■ **Activity**: Leave every picture out. Set down all the lines below exactly.

■ **Dataset excerpts**:
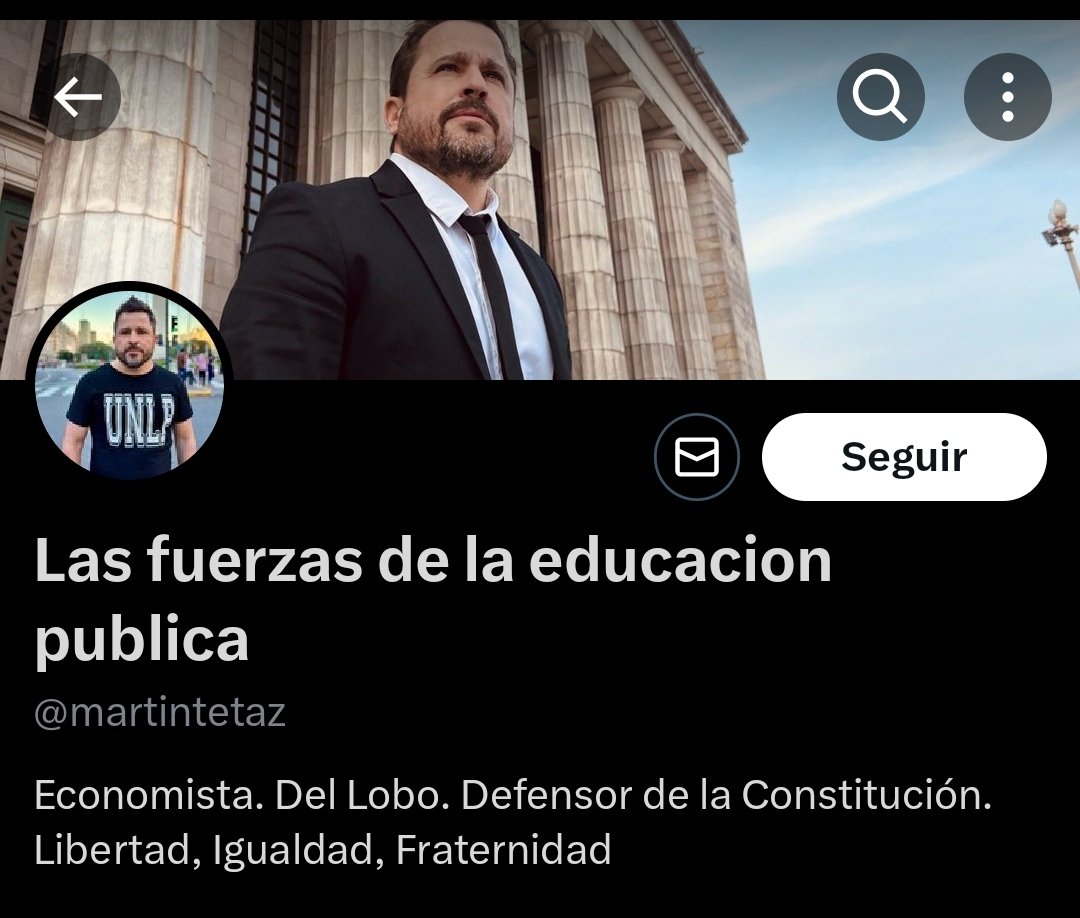 garciagustavoj's tweet photo. A "Las fuerzas de la educación pública" se le olvidó dar quorum para tratar los fondos para la educación pública.

@martintetaz caradura. https://t.co/KDlKyMVexh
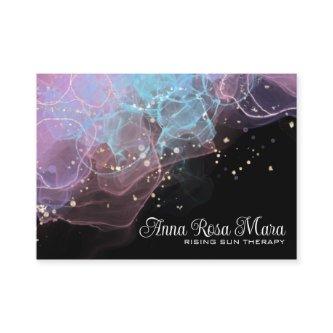 *~* QR  Logo AP46 Elegant Ethereal Magical Glitter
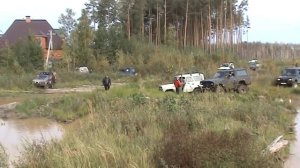 Оф роуд в Ликино-Дулево 22.09.2012г.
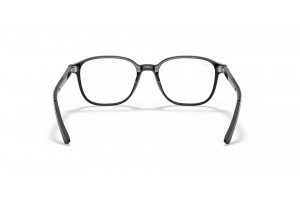 Ray-Ban RX5393 LEONARD fekete demó lencsés szemüvegkeret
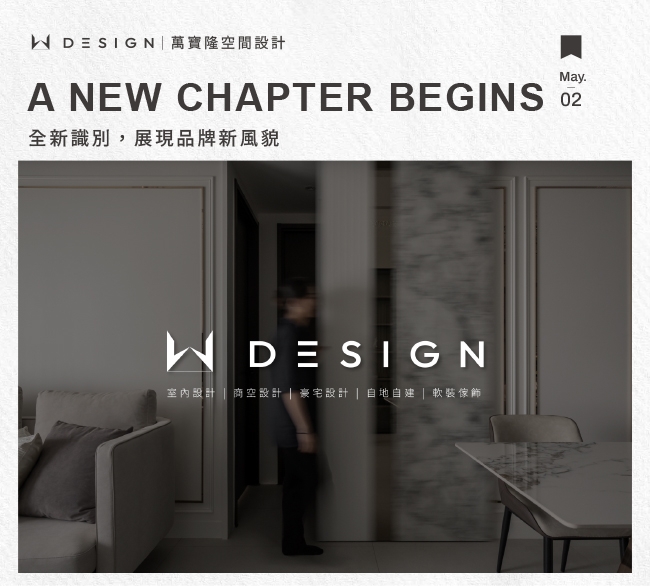 萬寶隆集團|2025全新企業識別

■ **Answer space**:
 garciagustavoj's tweet photo. A "Las fuerzas de la educación pública" se le olvidó dar quorum para tratar los fondos para la educación pública.

@martintetaz caradura. https://t.co/KDlKyMVexh
 *~* QR  Logo AP46 Elegant Ethereal Magical Glitter
 Оф роуд в Ликино-Дулево 22.09.2012г.
 Ray-Ban RX5393 LEONARD fekete demó lencsés szemüvegkeret
 萬寶隆集團|2025全新企業識別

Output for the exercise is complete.